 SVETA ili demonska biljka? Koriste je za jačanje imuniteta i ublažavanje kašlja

• • • •

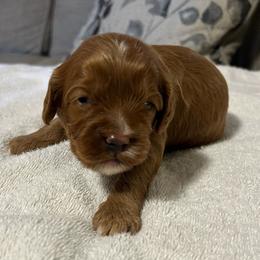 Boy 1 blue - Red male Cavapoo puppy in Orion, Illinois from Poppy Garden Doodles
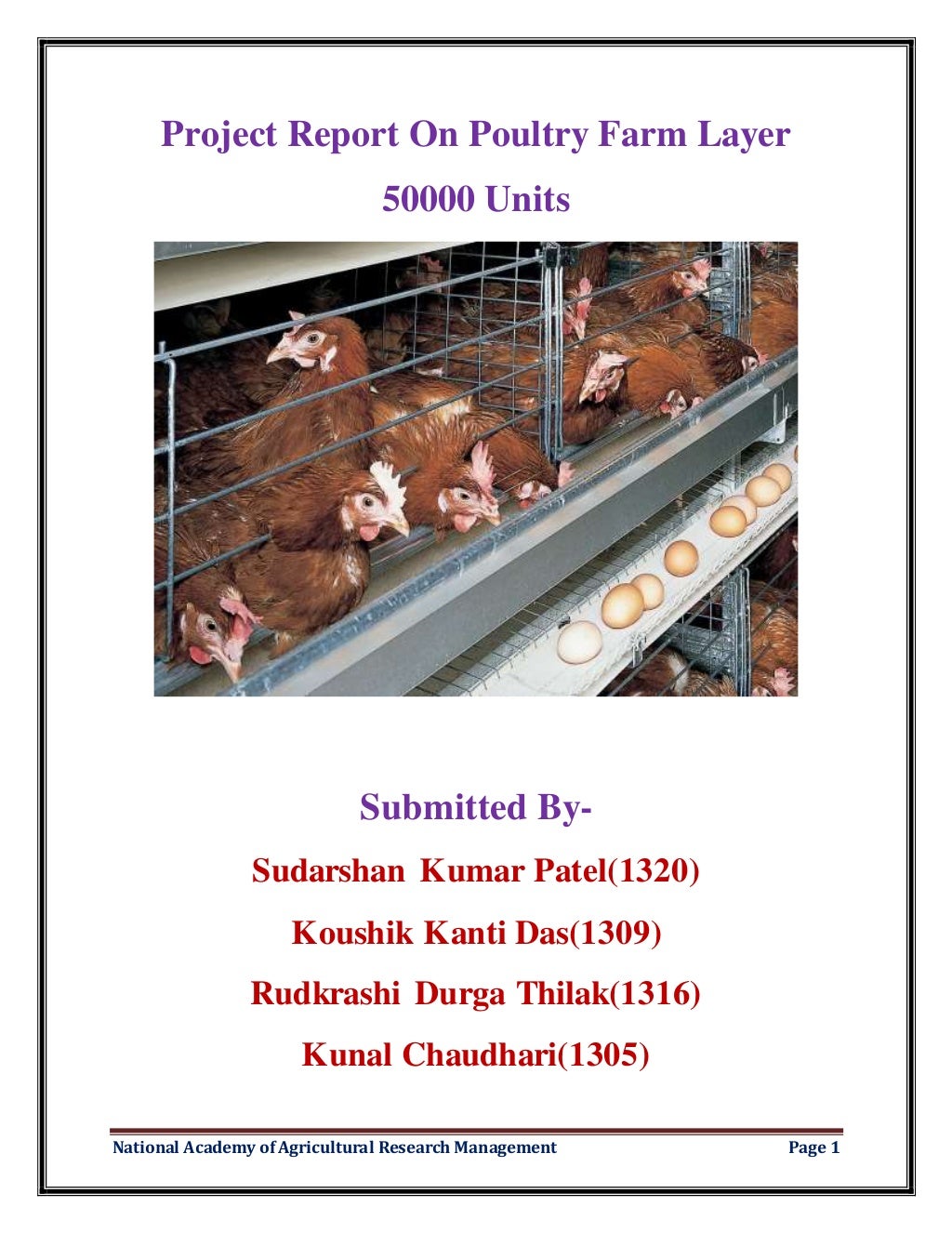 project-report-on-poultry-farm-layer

• • • •

Using the data above, output the line that has "Boy 1 blue - Red", the line that has "project-report-on-poultry-farm-layer", and whatever lines fall between, each exactly as it stands and without pictures.

» ANSWER SPACE:
 Boy 1 blue - Red male Cavapoo puppy in Orion, Illinois from Poppy Garden Doodles
 project-report-on-poultry-farm-layer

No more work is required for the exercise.